Assignment:
Write out, word for word, only the lines from the one containing "Timberland Suéter Williams" through the final line of the data.

Source records:
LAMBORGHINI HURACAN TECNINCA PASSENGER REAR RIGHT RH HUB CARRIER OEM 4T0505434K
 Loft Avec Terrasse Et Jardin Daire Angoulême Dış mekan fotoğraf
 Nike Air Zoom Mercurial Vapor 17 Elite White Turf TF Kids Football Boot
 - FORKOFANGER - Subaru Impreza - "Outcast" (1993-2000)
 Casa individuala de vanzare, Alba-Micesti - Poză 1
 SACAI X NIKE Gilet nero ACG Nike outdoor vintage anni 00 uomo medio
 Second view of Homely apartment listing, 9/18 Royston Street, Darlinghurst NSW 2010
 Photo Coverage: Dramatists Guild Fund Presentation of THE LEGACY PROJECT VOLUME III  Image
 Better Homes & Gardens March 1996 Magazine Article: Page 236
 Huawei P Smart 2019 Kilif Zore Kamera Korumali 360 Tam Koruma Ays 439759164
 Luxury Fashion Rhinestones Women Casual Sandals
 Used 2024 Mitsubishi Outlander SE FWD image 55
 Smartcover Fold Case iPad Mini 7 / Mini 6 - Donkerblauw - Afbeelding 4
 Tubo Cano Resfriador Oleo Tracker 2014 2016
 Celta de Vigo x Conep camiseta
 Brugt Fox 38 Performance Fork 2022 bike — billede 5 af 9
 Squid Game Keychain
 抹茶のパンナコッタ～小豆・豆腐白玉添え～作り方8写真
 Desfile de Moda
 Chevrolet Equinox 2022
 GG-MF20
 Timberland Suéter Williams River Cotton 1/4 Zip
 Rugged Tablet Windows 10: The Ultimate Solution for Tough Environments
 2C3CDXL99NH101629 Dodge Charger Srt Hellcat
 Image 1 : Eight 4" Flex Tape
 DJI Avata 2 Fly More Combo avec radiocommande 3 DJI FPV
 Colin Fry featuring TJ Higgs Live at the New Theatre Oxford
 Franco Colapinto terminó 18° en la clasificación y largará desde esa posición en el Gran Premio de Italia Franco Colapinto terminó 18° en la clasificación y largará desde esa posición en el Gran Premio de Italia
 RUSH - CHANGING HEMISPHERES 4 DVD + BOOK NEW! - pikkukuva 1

Response for this exercise:
 Timberland Suéter Williams River Cotton 1/4 Zip
 Rugged Tablet Windows 10: The Ultimate Solution for Tough Environments
 2C3CDXL99NH101629 Dodge Charger Srt Hellcat
 Image 1 : Eight 4" Flex Tape
 DJI Avata 2 Fly More Combo avec radiocommande 3 DJI FPV
 Colin Fry featuring TJ Higgs Live at the New Theatre Oxford
 Franco Colapinto terminó 18° en la clasificación y largará desde esa posición en el Gran Premio de Italia Franco Colapinto terminó 18° en la clasificación y largará desde esa posición en el Gran Premio de Italia
 RUSH - CHANGING HEMISPHERES 4 DVD + BOOK NEW! - pikkukuva 1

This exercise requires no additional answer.